Snakefooding python – snakefood is a tool to create graph dependencies. This post show the dependency graphs for some very common python libraries (Flask, django, Celery, requests, etc.). It presents the pros and cons of using snakefood, what it exposes and what it does not expose (many small files -> many imports -> complex dependency graph vs one file, spaghetti code -> no imports -> very clear simple graph). I find it as a tool that supports developing and detecting non necessary dependencies.


AWS loft Berlin

This week Amazon opened a loft in Berlin which is suppose to be open for 4 weeks. The loft is currently on pilot and there are several other lofts around the world. I think it is a very good strategic call to have it in Berlin as the startup is a emerging and many people want to try and learn more about cloud services while the hands-on experience is sometimes limited.

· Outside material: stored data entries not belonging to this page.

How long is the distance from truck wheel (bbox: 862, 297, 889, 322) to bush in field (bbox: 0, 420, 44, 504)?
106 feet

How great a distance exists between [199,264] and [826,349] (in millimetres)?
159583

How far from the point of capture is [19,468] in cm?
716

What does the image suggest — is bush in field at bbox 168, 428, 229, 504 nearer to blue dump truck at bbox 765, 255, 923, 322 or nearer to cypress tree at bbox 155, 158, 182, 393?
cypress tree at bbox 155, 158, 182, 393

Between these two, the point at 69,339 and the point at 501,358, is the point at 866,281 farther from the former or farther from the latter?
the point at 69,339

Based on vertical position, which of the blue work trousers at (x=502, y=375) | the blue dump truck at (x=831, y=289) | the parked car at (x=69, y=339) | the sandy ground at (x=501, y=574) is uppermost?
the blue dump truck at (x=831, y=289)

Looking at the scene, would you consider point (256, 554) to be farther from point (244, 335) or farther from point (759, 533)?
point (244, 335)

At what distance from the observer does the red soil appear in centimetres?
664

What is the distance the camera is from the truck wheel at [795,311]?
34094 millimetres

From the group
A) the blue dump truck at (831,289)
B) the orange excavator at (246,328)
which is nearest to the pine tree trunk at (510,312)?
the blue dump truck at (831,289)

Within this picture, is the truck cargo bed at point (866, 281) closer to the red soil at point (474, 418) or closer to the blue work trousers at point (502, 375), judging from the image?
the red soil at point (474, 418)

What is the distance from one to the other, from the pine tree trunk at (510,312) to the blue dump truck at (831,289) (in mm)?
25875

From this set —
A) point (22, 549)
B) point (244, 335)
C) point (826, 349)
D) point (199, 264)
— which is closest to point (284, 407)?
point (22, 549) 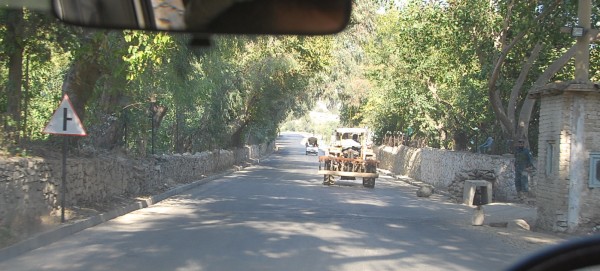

So what is going on in the loft? It is open everyday 10-18 and there is amazon employee “in duty” which you can consult with regarding AWS services. A very inviting work space. And workshops, demos, bootcamp, etc. All, of course, related to AWS services.

I took part in two workshops on Thursday morning – “An overview of Hadoop & Spark, using Amazon Elastic MapReduce” and “Processing streams of data with Amazon Kinesis (and other tools)“. Both lectures were given by Michael Hanisch, solution architect at Amazon. The first talk was a bit messy as it covered many topics but eventually ended up jumping here and there between general things about Hadoop, tips about EMR and changes in the AMI concepts and versioning and clues about Spark.

The second talk was much more focused. It started by introducing the need to Amazon Kinesis. Then explaining the architecture – producer, streams, shards, clients, clearing up the capabilities and constraints also mentioning kinesis autoscaling utils.. The next step was a deeper dive to kinesis producer library and kinesis client library. Moving forward to kinesis firehose (which was introduced in the re:invent last week) and integration with additional input and output sources and aws services. To sum up the talk ended with tips and best practices. AWS Lambda​ was also mentioned several times over the talk as a tool to process stream data.

Quite exciting time to be in Berlin.

5 interesting things (06/10/2015)

Restaurants recommendations – I read quite a lot about recommendation systems lately and I love this post because it talks about a restaurant domain while many of the posts related to recommendation system refers to music, television and movies. And geospatial features are very important here comparing to movie, music and television recommendations.

Data Science workflow – this blog post present a well structured approach to data science process. While I loved the structured approach the entry point – “get data, have fun with it” is twisted. I believe that when working on a product most of the time you will want to solve a problem or introduce a new feature, i.e. you already have the question you want to answer rather than explore a dataset and think about the questions you can answer with it. Also missed part of documenting you work.

AWS in plain English – or AWS for humans. If you are not that yet or not familiar with the different services this is a nice way to introduce the terminology.

Fedrer vs Djokovic – why not Nadal? it seem kind of abuse in the product but for sure it exposes the product and make some buzz.

What to do with small data – big data is one of the buzz words in the last few years. While it was previously whispered only by tech people it is now a common, well known phrase. But, many companies do not really have big data, they have few users and need to perform well for those users and one day they might have big data, many users and tons of features. Until then, there are some clues in this post.